Please repeat, from the entries that follow, the lines from the one containing "Giza Cotton Maroon Plain Kurta by Hilo Design" through the one containing "Holiday Linen Blend" exactly, adding nothing.

RECORD EXTRACTS section start

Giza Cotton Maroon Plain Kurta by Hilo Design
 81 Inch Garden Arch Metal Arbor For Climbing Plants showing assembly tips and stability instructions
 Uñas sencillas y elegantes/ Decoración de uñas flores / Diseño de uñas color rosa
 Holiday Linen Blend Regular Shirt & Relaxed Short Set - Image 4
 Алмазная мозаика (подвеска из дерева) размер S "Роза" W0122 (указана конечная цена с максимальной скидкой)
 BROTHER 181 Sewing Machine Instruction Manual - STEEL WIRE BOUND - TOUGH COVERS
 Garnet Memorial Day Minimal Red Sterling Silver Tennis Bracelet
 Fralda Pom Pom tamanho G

RECORD EXTRACTS section end
RECORD EXTRACTS section start

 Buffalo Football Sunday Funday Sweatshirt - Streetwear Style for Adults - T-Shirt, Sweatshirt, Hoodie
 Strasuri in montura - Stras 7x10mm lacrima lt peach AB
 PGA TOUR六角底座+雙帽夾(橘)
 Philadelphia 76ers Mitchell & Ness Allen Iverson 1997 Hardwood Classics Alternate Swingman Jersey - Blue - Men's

RECORD EXTRACTS section end

## EXERCISE RESULT
Giza Cotton Maroon Plain Kurta by Hilo Design
 81 Inch Garden Arch Metal Arbor For Climbing Plants showing assembly tips and stability instructions
 Uñas sencillas y elegantes/ Decoración de uñas flores / Diseño de uñas color rosa
 Holiday Linen Blend Regular Shirt & Relaxed Short Set - Image 4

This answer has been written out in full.